Hazardous Toxins Found in Home Holiday Decorations

December 15, 2015

The holidays are approaching quickly and many retailers have already stocked their shelves with holiday décor. This holiday season, put improving the quality of your home air on the top of your to-do list. Make a conscious commitment to evaluate whether or not your holiday decorations are polluting your indoor home air with toxic chemicals and make an effort to purchase holiday décor items made from natural materials free from chemical pollutants.

A recent study tested seasonal products sold at popular mass retailers throughout the country. Two-thirds of these items contained substances linked toasthma, cancer, learning disabilities, birth defects, liver problems, and a host of other health problems. Home decorations and their toxicity are mostly unregulated by the government as long as the product is not labeled as being intended for children. Most of the holiday decorations found on store shelves are not subject to lead, cadmium or phthalate restrictions.

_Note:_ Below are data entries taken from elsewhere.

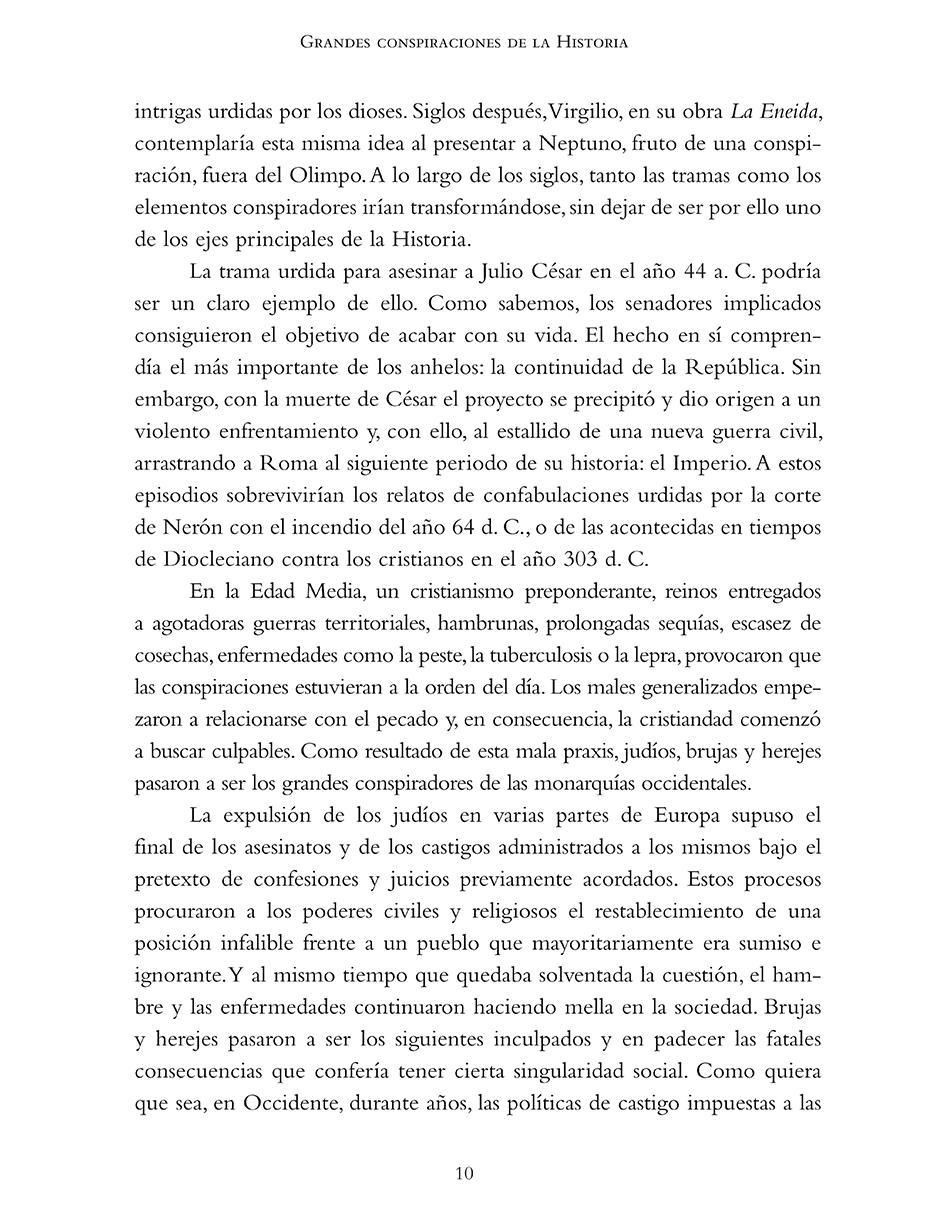 Libro Grandes Conspiraciones De La Historia de Miguel Martin Y Albo Lucas 7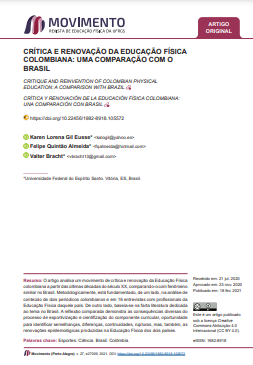 CRÍTICA E RENOVAÇÃO DA EDUCAÇÃO FÍSICA COLOMBIANA: UMA COMPARAÇÃO COM O BRASIL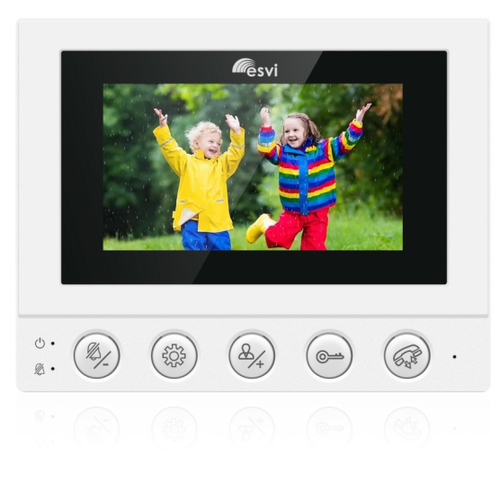 EVJ-E4 цветной CVBS 4.3 видеодомофон на одну вызывную панель и одну камеру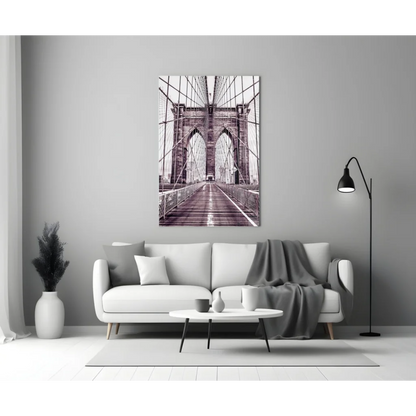 Brooklyn Bridge Canvas Wall Art in Stunning Black and White | Modern Wall Art Decor | vintageantiquesgifts.com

The study tested a number of commonly purchased holiday items including: beaded and tinsel garlands, artificial wreaths and greenery, stockings, tabletop decorations, and gift bags. The results of the testing identified high levels of lead, flame retardants, tin compounds and phthalates, among other hazardous substances. Beaded garlands were amongst the top most dangerous as they were found to contain a number of toxic chemicals including high amounts of lead and phthalates. Lead was found in a number of painted décor items.

Flame retardants also contain numerous toxic chemicals. 12% of holiday string lights tested contained unsafe levels of bromine. This toxic chemical has been linked to developmental and reproductive issues by the EPA. Many scientists and health experts assert that there needs to be increased governmental regulation of these products and warn consumers that halogenated flame retardants and phthalates are dangerous even at low levels and can cause birth defects and reproductive issues.

What can you do to ensure the safety of your home air quality?
Test your air with a Home Air kit to make sure there are no unsafe levels of toxic chemicals present in your home. Keep it clean by disposing of any decorations that you suspect have been treated with fire retardants or painted with lead based paints. When it comes to purchasing new holiday décor, look for natural decorations made from wood, glass, natural greenery that has not been treated with chemicals, pine cones, and other natural materials that are not contaminated with toxic chemicals. Avoid buying decorations that use paint, flame retardants, and adhesives.